House Passes Tiktok Bill, As Eyes Turn To Senate

The House passed a bill on Wednesday that would force TikTok’s Chinese owner to sell the app or face a ban on U.S. app stores — posing the most serious threat to the popular video-sharing platform to date.
The measure earned wide bipartisan support — passing 352-65 — with backing from House Speaker Mike Johnson and former House Speaker Nancy Pelosi (D-Calif.). Its “no” votes spanned a wide ideological range, including both conservative lawmakers like Rep. Thomas Massie (R-Ky.), who raised Amendment concerns, and progressives like Reps. Jamaal Bowman (D-N.Y.) and Robert Garcia (D-Calif.) who say Congress should pass privacy legislation covering all social media sites, not just TikTok.

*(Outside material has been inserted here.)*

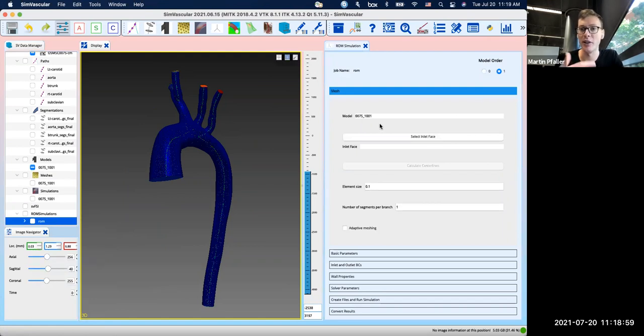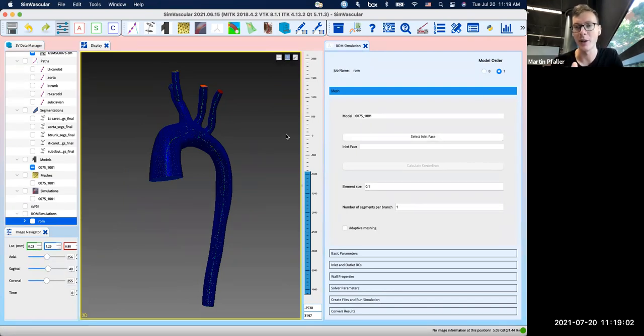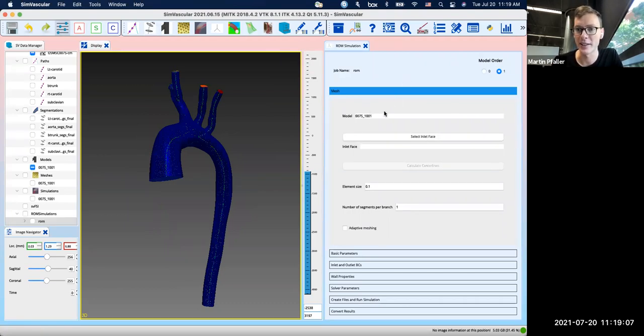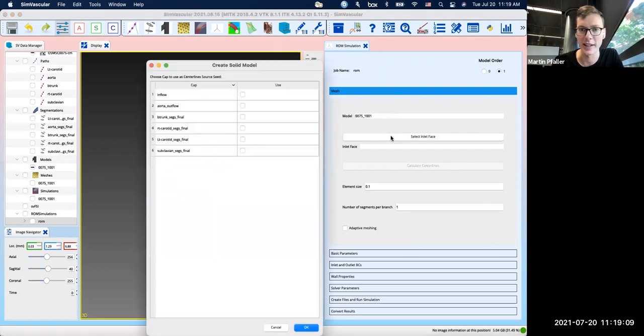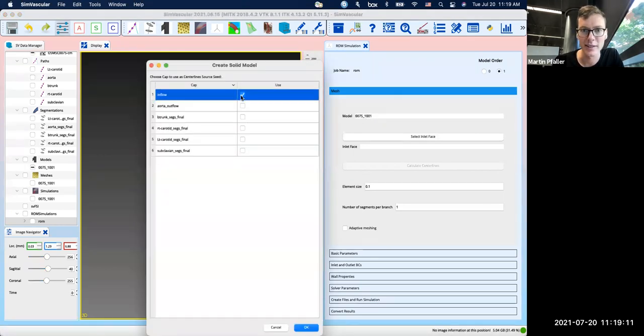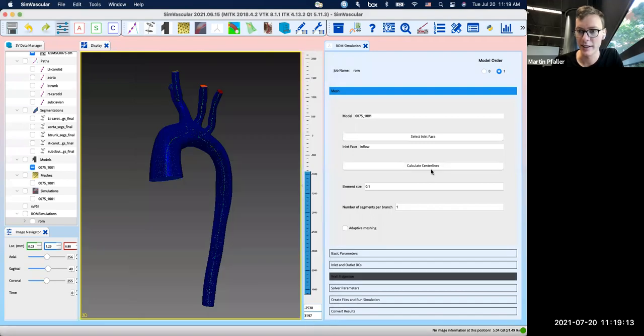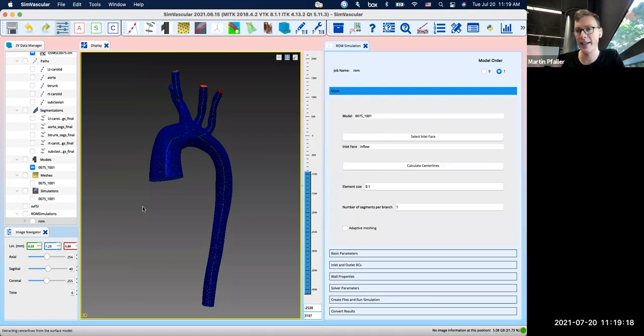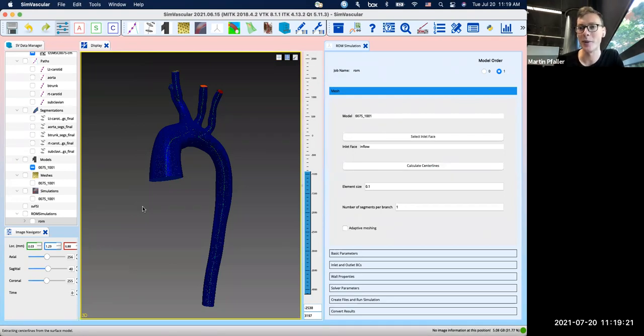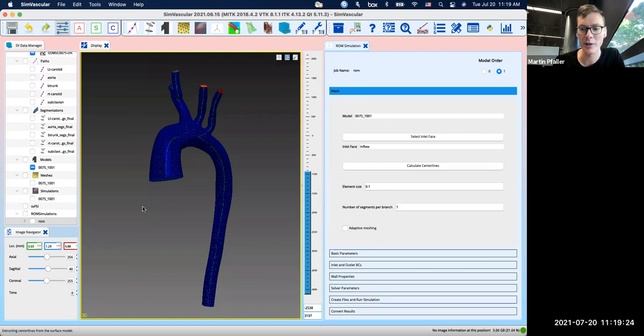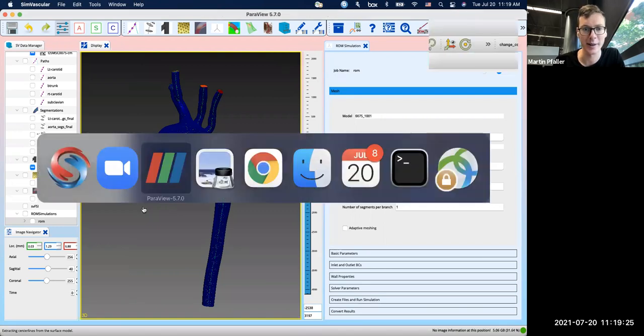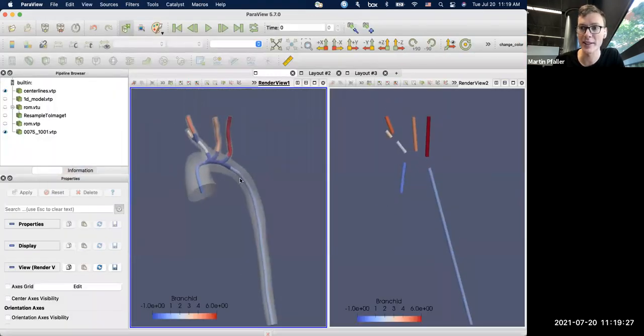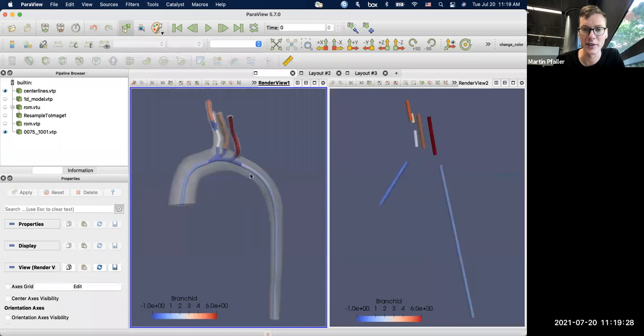And so for every reduced order model, we always start out with a centerline. So the first step is to compute the centerline. I've selected here my 3D mesh, and then I have to select an inlet face. So that's inflow. And then there's just a button that says calculate centerlines. It takes a little bit, depending on how big your model is.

It now heads to the Senate, where its fate is unclear.
Senators from both parties have expressed concerns about the bill, and Senate Majority Leader Chuck Schumer has not committed to bringing it to the floor. President Joe Biden said he’d sign the measure if it reaches his desk.
The vote on the fast-tracked bill capped a week of frenzied pressure by TikTok, which held rallies outside of the Capitol and enlisted conservative lobbyists, video creators and its own users to try to derail the legislation. The company got a boost from former president Donald Trump, who tried and failed to ban it with an executive order in 2020, but unexpectedly pivoted to supporting the company last week.

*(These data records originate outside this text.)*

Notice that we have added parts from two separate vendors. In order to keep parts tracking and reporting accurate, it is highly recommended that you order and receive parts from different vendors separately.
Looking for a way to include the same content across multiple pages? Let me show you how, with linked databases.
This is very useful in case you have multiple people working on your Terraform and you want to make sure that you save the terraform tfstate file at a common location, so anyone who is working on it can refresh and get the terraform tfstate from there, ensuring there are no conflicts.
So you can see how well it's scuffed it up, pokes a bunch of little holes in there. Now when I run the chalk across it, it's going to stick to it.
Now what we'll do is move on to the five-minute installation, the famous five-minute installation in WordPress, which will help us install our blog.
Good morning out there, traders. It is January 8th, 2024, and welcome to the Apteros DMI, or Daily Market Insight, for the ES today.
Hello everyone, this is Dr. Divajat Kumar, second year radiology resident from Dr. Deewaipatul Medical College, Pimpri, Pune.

Republicans were largely unmoved by Trump’s opposition, though a handful of MAGA conservatives, like Rep. Nancy Mace (R-S.C.), voted against the bill.

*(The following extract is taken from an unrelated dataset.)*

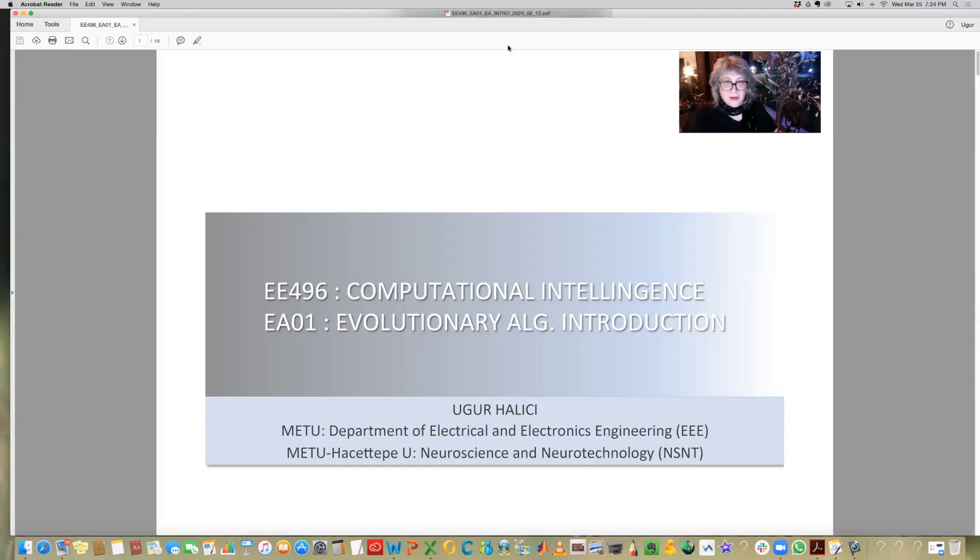Dear students, we continue our course Computational Intelligence Online by covering the topic evolutionary algorithms. Evolutionary algorithms are inspired by the theory of evolution proposed by Darwin in the 19th century. We are starting with evolutionary algorithms through an introduction.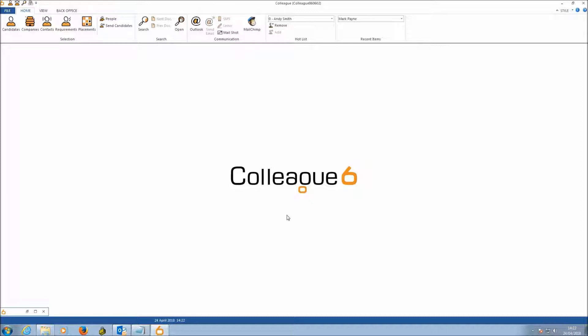The purpose of this video is to take you through the new functionality added to Colleague version 6 as part of helping you manage GDPR-related legislation, specifically targeting right to consent, right to be forgotten, and right to access. This is essentially a tutorial guide for a client that is either due to receive these v6 updates or has just received them and wants to circulate the knowledge among their user base.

As the bill moves to the Senate, some key players appear far less enthusiastic than members of the House.
Senate Commerce Chair Maria Cantwell (D-Wash.) — whose committee is a gatekeeper for any Senate TikTok measures — threw cold water on the House bill.
“I'm glad they brought up a subject, but we got to get a real solution. That one, I don't think will make it all the way through,” she said earlier this week.
She instead wants to push her own bill — the GUARD Act, which would allow the Commerce Department to regulate TikTok and other foreign apps without banning them fully. It has not been introduced.
Sen. Rand Paul (R-Ky.) has said would object to a request to pass the bill unanimously, requiring Democratic leaders to spend more floor time ahead of a roll-call vote.
Paul has raised First Amendment concerns about the government banning a form of communication that’s used by 170 million American users, which civil liberties groups such as the American Civil Liberties Union have also raised. A law in Montana seeking to ban TikTok was blocked by a judge late last year over claims it violates the First Amendment.
The company argues that it is not a security threat, and that the bill oversteps legal boundaries. In a statement issued after the vote, X, formerly known as Twitter, said: “This process was secret and the bill was jammed through for one reason: it's a ban. We are hopeful that the Senate will consider the facts, listen to their constituents, and realize the impact on the economy, 7 million small businesses, and the 170 million Americans who use our service.”
The company has partnered with Oracle to store U.S. data on domestic servers to alleviate concerns the Chinese government can access Americans’ data.
There has been at least some interest in the bill from key players in the Senate.
“The perfect can’t be the enemy of the good, and if they can get a great big vote tomorrow, I think that’s good news,” Sen. Mark Warner (D-Va.), chair of the Senate Intelligence Committee, who authored the RESTRICT Act last year that took a broader swing at technologies from foreign adversaries.
That bill ran into GOP backlash over concerns it gave the Biden administration too much power to act unilaterally.
“I think the approach we had a year ago is not going to make it,” Warner told reporters in an interview on Tuesday.
Warner and Senate Intel vice chair Marco Rubio (R-Fla.) met with the House bill sponsors on Tuesday to talk about a path forward.